Module 11: Observability, Reliability & SRE
🚀 Problem Statement
A GenAI platform experienced a 2-hour outage where users reported significant slowness, even though the dashboard showed 99.5% uptime. The root cause was a slow memory leak in the embedding service that gradually degraded response times from 200ms to 12s over three days. No alerts were triggered because the service never crashed; it simply slowed down.
🧠The Engineering Story
The Villain: "The Dashboard Liar." Uptime monitoring may report 99.9% because a service returns HTTP 200. However, if those responses take 12 seconds or contain incorrect embeddings because the model ran out of GPU memory, the system is effectively failing.

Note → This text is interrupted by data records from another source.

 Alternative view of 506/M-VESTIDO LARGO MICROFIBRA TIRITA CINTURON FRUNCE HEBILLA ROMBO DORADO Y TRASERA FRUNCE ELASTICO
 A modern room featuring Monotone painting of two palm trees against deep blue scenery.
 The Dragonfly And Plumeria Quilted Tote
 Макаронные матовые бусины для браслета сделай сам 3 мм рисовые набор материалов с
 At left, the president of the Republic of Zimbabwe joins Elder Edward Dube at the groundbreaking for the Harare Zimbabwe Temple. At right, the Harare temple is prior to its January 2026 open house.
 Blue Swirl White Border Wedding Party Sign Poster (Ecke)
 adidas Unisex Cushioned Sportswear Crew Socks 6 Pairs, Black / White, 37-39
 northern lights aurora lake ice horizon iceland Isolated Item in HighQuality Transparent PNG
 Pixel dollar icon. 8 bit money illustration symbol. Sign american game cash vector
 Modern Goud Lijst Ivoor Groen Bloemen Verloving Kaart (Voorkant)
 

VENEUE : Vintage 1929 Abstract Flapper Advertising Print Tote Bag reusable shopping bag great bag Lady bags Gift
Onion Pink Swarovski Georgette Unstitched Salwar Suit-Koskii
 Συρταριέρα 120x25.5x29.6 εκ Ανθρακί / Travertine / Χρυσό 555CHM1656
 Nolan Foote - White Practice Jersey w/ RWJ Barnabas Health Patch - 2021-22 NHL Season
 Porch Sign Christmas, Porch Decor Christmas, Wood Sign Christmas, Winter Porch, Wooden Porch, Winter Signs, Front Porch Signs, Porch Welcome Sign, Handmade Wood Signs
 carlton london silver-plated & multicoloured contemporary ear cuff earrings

The Hero: "The Observability Triad." Metrics (what), Logs (why), Traces (where) — combined with SLIs/SLOs that measure what users actually experience.
The Plot:
- Define SLIs: latency P50/P95/P99, error rate, throughput, embedding quality score
- Set SLOs: "99.5% of RAG queries complete in < 3s with relevance > 0.7"
- Implement distributed tracing across the full RAG pipeline
- Build alerts on error budgets, not on individual metrics
The Twist (Failure): Alert Fatigue. Setting too many alerts (e.g., 200) can lead to critical warnings being ignored. A vital alert regarding embedding quality degradation might be buried among dozens of minor warnings like "disk usage > 70%."
Interview Signal: Can define meaningful SLIs/SLOs for an ML system and explain error budget policies.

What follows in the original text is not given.